I'm using scipy.optimize.minimize to attempt to minimize the following function:

lambda delta: sum([scipy.integrate.quad(lambda x: (f(x+d) - g(x)) ** 2, *day_region)[0] for f, d in zip(fs, delta)]) 

where

g = lambda x: sum(f(x) for f in fs) / len(fs) 

fs is a list of scipy.interpolate.LSQUnivariateSpline objects. They have an "integrate" method that can be used to compute a definite integral quickly, but at the moment I'm not taking advantage of it. After profiling, it seems that the number of times the function to be minimized is called is causing it to take a very long time.

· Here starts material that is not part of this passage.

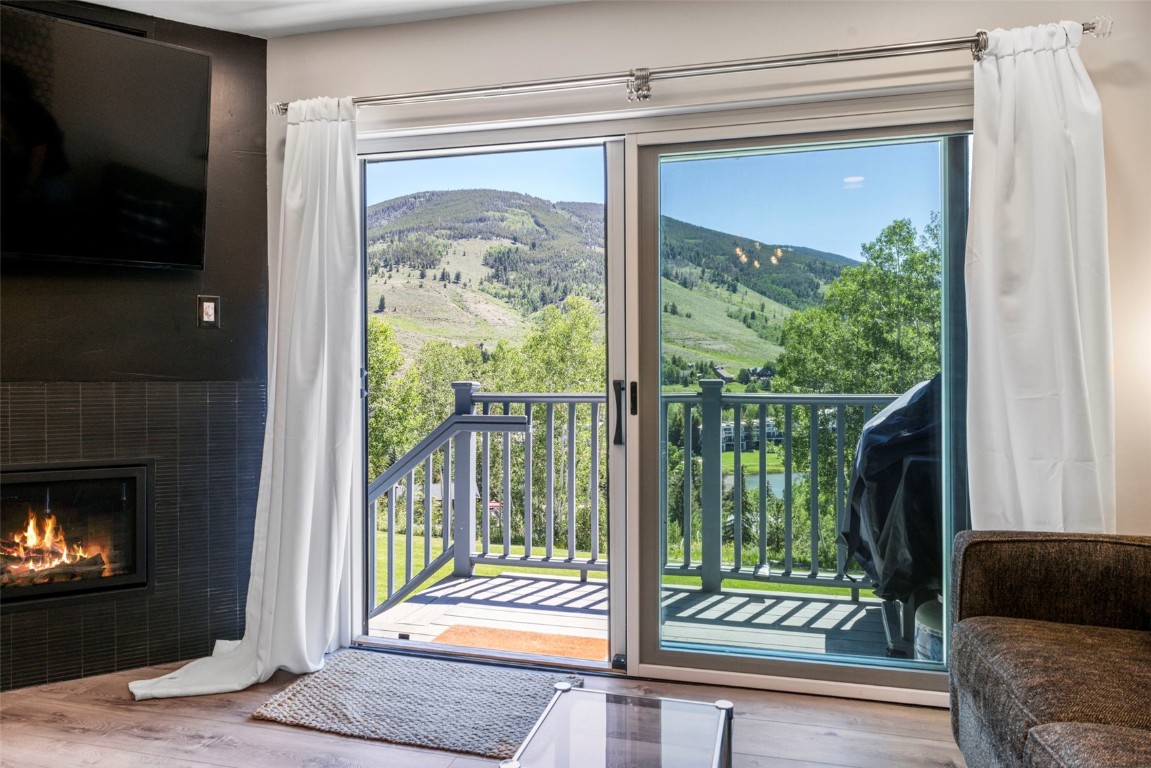 330 E La Bonte STREET 10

Is there a smarter way to do this to make it faster, or some way to rework this analytically so that it's easier to solve?

  • 0
    That is possible, but the function is continuous beyond the first and last piece of the spline (where it will approach -inf or inf) and the squared deviations increase rapidly outside the range of the data. Delta could also be bounded to stay within the useful portion of the splines.2012-10-16

1 Answers 1

1

Given the fact that your spline is cubic, I believe you could use the scipy.min_l_bfgsb function for the minimization. This function requires that you provide both the value of your objective function and its gradient with respect to all the variables $\Delta = [\delta_i]_i$ at for any value of $\Delta$. However, I must warn you that the computation of this gradient with the formulas I provide is quadratic in $n$. For the rest, we define $\mathcal{F}$ as your objective function, such that $ \mathcal{F}(\Delta) = \sum_{i=1}^n \int_a^b (f_i(x+\delta_i) - g(x))^2 \mathrm{d}x $

Value:

I assume that you defined $ g(x) = \frac{1}{n}\sum_{i=0}^n f_i(x-\delta_i). $

Computing the value of your objective function then sums up to the computation of all the integrals $ \int_a^b f_i(x-\delta_i)\mathrm{d}x, $ which you can do using the provided “integrate” function of your splines, by shifting $a$ and $b$ using $\delta_i$

Gradient:

If I didn't mess up, the gradient of your objective function with respect to the variable $\delta_i$ is $ \begin{aligned} \frac{\partial\mathcal{F}}{\partial\delta_i}(\Delta) &= \int_a^b 2(f_i(x+\delta_i)-g(x)) \frac{\partial f_i}{\partial x}(x+\delta_i) \mathrm{d}x\\ &-\frac{1}{n} \sum_{j=0}^n \int_a^b 2(f_i(x+\delta_i)-g(x)) \frac{\partial f_j}{\partial x}(x+\delta_j) \mathrm{d}x. \end{aligned} $ Since is where things get nasty since you have to compute integrals for all the pairs $(f_i,\tfrac{\partial f_j}{\partial x})_{i,j}$. From the scipy documentation it seems like the splines also provide a method to compute their derivative at any point. I believe you could then compute these integrals numerically. Since your spline is cubic, there might be a way to compute the exact integral using quadrature rules, but this would require a fine study of your splines. I believe that when you define your spline, you know where the polynomial pieces meet, since you provide a knot vector. So by splitting the [a,b] segment at every knot and using Gauss-Legendre quadrature points for polynomials of degree 3 on every segment you obtain by the splitting, you could also compute an exact integral.

By feeding the value and gradient of the objective function to the lbfgs solver, you may converge quadratically to one of its local minima.